3) Run actions with grubicy submit (preferred) or row
If you have action scripts under actions/ that accept the workspace directory, you can
submit only ready directories (parents complete, row-eligible, not completed/submitted/waiting):
grubicy submit pipeline.toml
If you want to hand everything to row directly, you can still do (less filtered):
row submit
To override the command per action, set runner = "python actions/custom.py {directory}"
in the spec before rendering.
4) Collect parameters and docs
Flatten params across the dependency chain (here, for leaf s3 jobs):
grubicy collect-params pipeline.toml s3 --format csv > results.csv
Add --include-doc to bring along non-reserved document fields. For JSON output,
drop --format or set --format json.
5) Migrate when the schema changes
Add a default state point key and cascade parent pointers safely:
grubicy migrate-plan pipeline.toml s1 --setdefault b=0
grubicy migrate-apply pipeline.toml s1
Plans are written under .pipeline_migrations/ and execution logs progress so reruns
can resume.
For a complete worked example (including collisions and resume behavior), see
migrations.md.
Example walk-through
examples/library-example contains the same three-stage pipeline expressed with
grubicy. Try the sequence above from that directory to see materialization, row
execution, and result collection end-to-end.
Typed parameters
grubicy ships an opt-in runtime helper, grubicy.typed, that maps state point
values to validated Pydantic v2 models instead of raw dicts. It is entirely
runtime-only.
Three calling styles are supported by load_action_params:
from grubicy.typed import WorkflowBindings, load_action_params
from pydantic import BaseModel
class TrainParams(BaseModel):
lr: float
n_iter: int
alpha: float
# 1) Explicit action + registry (original API)

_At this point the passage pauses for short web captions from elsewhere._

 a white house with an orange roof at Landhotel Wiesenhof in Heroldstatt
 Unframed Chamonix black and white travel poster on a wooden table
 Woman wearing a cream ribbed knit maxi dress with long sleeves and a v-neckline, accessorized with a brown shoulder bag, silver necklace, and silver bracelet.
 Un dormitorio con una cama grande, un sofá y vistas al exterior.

bindings = WorkflowBindings().bind("train", TrainParams)
params = load_action_params(job, "train", bindings)
# 2) Registry only — action inferred from job.sp["action"]

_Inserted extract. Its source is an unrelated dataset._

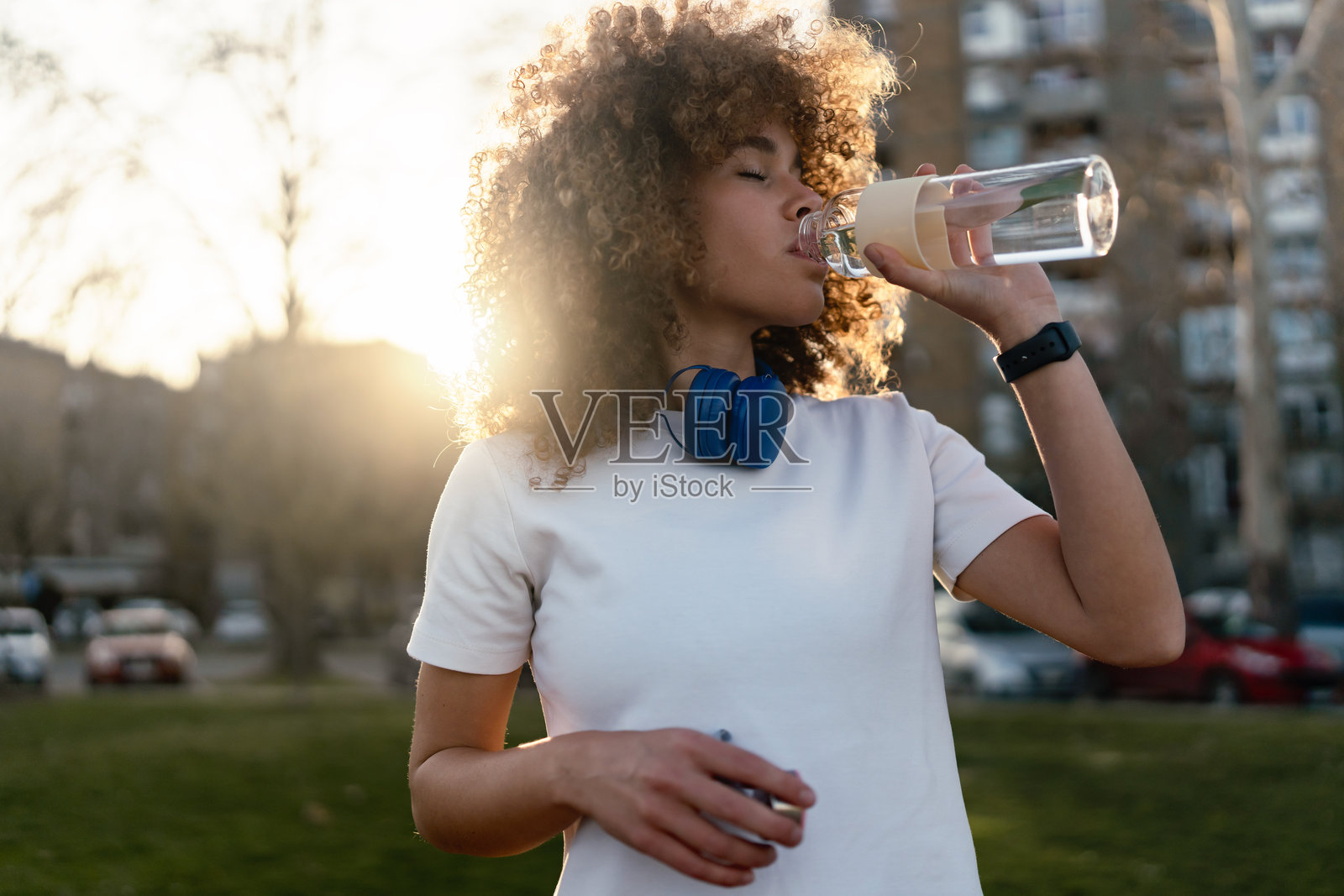 一位年轻的卷发女性在城市的日落时分户外站着，喝着玻璃瓶中的水。她脖子上挂着无线耳机，手腕上戴着智能手表，展现出健康的生活方式。照片摄影图片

params = load_action_params(job, bindings)
# 3) Direct model class — no registry needed, action inferred
params = load_action_params(job, TrainParams)
Notes:
- If the action cannot be inferred (no action key in the state point), an
ActionParamsNotFoundError is raised.
- Validation errors are wrapped in TypedParamsValidationError with field-prefixed
messages (e.g., train.lr: Input should be greater than 0).
- Reserved state point keys (action, parent_action) are stripped before
validation so they never leak into your models.
Advanced usage shown in examples/typed-params/actions/train.py:
- You can split one action across multiple models and load them separately from the
same job (e.g., TrainOptimParams, TrainRegularisationParams).
- You can load a parent action's params by opening the parent job (via
get_parent(job)) and passing a model class directly: load_action_params(parent, PrepareParams).
See examples/typed-params/ for a full, runnable demonstration that uses the inferred
registry form, direct model-class form, and parent param loading.